Accessing nested data with key/value pairs in array
I have a dataframe with schema
root
|-- properties: array (nullable = true)
| |-- element: struct (containsNull = true)
| | |-- key: string (nullable = true)
| | |-- value: string (nullable = true)
An example of 3 rows from the df appears as:
[]
[{"key":"id", "value":"as143"},
{"key":"user", "value":"John Doe"},
{"key":"email", "value":"[email protected]"},
{"key":"location", "value":"KY, USA"}]
[{"key":"id", "value":"bd143"},
{"key":"user", "value":"Adam Smith"},
{"key":"email", "value":"[email protected]"}]
So each new user is in a new row in the df. The amount of data in each row can be different with null values being allowed.
I would like to make a new df such that each key would be the new column name and the values in the column would be all the corresponding values of that key. For example, I would have a column titled 'user' and each row would have a different user name.
I have tried to access the sub-fields using this code but I get an error.
keys = table.select('properties.key').distinct().collect()[0][0]
table.withColumn('value', split(table.properties.value, ',')).
select(col('value'[0].alias(keys[0]),
select(col('value'[1].alias(keys[1]),
select(col('value'[2].alias(keys[2]),
select(col('value'[3].alias(keys[3])).display()
I have also tried to create a key, value map because I need to do these for other columns in the dataframe and for some of them, it is hard to tell have many key/value pairs there are since they are allowed to be null values so I may use pyspark.sql.functions.from_json
.
I feel this is the preferred way, however, I have not had success with that either. I have not been able to convert to a map and I think it is because rather than having "key":"value"
pairs I have "key": "key 1", "value": "value 1", "key": "key 2", "value": "value 2", "key": "key 3", "value": "value 3"
, etc all in the same row.
This is the code I used:
table.withColumn('properties', from_json(table.properties, MapType(StringType(), StringType())))
and I get the error:
cannot resolve 'entries' due to data type mismatch: argument 1 requires string type, however 'table.properties' is of array<struct<key:string, value:string>> type.
I am not exactly sure how to go about converting an array type like this to a map.
Solution 1:
Assuming this is your input dataframe:
data = '[{"properties":[]},{"properties":[{"key":"id","value":"as143"},{"key":"user","value":"John Doe"},{"key":"email","value":"[email protected]"},{"key":"location","value":"KY, USA"}]},{"properties":[{"key":"id","value":"bd143"},{"key":"user","value":"Adam Smith"},{"key":"email","value":"[email protected]"}]}]'
table = spark.read.json(spark.sparkContext.parallelize([data]))
Your column properties
is of type array of structs, that's why you get data mismatch error when you try to use from_json
function.
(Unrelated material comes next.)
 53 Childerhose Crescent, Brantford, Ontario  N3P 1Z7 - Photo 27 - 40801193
You can simply explode expand the array to get 2 columns key
and value
like this:
table.selectExpr("inline(properties)").show()
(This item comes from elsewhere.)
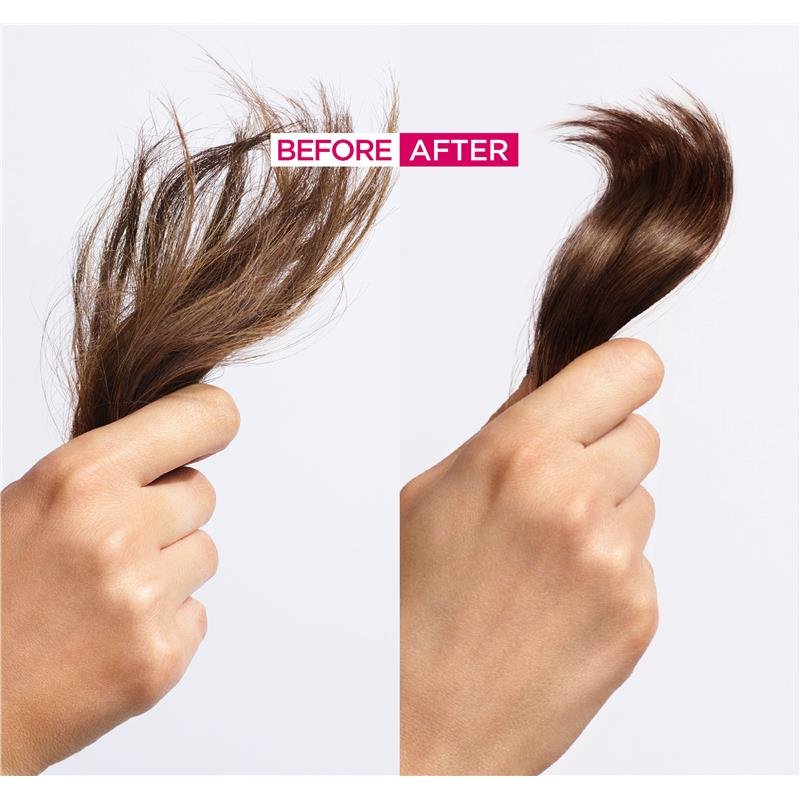 L'Oreal 欧莱雅 长发梦想拯救发膜 300ml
#+--------+-----------------+
#| key| value|
#+--------+-----------------+
#| id| as143|
#| user| John Doe|
#| email| [email protected]|
#|location| KY, USA|
#| id| bd143|
#| user| Adam Smith|
#| email|[email protected]|
#+--------+-----------------+
That said, now what you want is to pivot
the column key
. In order to use pivot, we need some column ID
on which to groupby, if you don't have this column, you can assign a row_id
using monotonically_increasing_id
function before exploding the array:
from pyspark.sql import functions as F
result = table.withColumn("row_id", F.monotonically_increasing_id()) \
.selectExpr("row_id", "inline(properties)") \
.groupBy("row_id").pivot("key").agg(F.first("value")).drop("row_id")
result.show()
#+-----------------+-----+--------+----------+
#| email| id|location| user|
#+-----------------+-----+--------+----------+
#| [email protected]|as143| KY, USA| John Doe|
#|[email protected]|bd143| null|Adam Smith|
#+-----------------+-----+--------+----------+